• _Aim of the task_: Search the data for "Chapter" and copy every matching line.

### Data section ###

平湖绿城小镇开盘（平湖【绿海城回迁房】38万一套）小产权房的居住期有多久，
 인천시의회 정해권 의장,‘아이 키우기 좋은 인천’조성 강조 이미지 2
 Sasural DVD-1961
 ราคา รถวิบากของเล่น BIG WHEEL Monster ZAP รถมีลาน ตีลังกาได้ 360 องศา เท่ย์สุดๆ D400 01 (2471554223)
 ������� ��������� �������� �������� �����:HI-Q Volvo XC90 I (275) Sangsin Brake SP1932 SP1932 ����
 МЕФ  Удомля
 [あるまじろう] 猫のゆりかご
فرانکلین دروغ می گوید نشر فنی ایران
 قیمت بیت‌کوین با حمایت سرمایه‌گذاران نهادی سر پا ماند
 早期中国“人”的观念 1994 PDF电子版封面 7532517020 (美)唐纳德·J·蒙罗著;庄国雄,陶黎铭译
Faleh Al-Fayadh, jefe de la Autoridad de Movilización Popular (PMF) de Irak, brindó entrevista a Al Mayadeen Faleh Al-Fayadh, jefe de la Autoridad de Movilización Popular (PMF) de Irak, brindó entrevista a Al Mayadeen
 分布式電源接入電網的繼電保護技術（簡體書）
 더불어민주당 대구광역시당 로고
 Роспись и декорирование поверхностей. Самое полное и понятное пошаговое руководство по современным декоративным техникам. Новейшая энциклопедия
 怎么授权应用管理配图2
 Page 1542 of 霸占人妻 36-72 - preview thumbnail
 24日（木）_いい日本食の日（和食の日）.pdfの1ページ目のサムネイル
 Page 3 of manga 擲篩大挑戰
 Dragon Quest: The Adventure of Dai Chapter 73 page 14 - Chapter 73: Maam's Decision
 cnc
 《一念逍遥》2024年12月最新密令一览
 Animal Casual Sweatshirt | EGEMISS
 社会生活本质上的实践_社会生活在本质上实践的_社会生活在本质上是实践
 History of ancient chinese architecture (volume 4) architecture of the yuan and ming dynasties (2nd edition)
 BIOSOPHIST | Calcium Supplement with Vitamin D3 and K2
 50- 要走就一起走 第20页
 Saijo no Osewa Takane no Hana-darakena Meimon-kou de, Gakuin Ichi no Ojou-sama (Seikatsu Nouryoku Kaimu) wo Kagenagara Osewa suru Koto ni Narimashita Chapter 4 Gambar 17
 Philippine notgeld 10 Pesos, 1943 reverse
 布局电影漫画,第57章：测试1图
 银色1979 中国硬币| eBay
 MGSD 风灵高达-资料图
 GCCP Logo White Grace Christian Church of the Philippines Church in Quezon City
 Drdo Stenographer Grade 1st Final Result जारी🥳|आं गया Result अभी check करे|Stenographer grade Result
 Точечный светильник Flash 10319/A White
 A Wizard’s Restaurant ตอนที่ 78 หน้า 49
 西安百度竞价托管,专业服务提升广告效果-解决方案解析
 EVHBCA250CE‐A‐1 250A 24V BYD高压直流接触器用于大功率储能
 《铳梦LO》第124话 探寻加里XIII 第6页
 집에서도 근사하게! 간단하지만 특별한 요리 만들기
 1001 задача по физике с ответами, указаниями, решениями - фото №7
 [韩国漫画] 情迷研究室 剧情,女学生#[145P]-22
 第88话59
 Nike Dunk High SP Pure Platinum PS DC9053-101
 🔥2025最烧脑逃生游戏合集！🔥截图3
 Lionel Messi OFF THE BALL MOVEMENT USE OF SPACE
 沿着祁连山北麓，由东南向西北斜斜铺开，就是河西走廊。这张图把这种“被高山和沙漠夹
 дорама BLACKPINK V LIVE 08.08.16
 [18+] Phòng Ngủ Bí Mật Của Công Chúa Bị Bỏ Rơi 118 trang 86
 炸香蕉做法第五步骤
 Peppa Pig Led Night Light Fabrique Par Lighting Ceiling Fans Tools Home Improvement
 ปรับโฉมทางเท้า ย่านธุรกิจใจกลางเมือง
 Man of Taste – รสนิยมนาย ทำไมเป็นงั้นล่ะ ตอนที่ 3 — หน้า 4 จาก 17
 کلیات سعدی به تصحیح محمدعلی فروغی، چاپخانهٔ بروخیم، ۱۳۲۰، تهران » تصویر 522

###

• _Answer box_:
 Dragon Quest: The Adventure of Dai Chapter 73 page 14 - Chapter 73: Maam's Decision
 Saijo no Osewa Takane no Hana-darakena Meimon-kou de, Gakuin Ichi no Ojou-sama (Seikatsu Nouryoku Kaimu) wo Kagenagara Osewa suru Koto ni Narimashita Chapter 4 Gambar 17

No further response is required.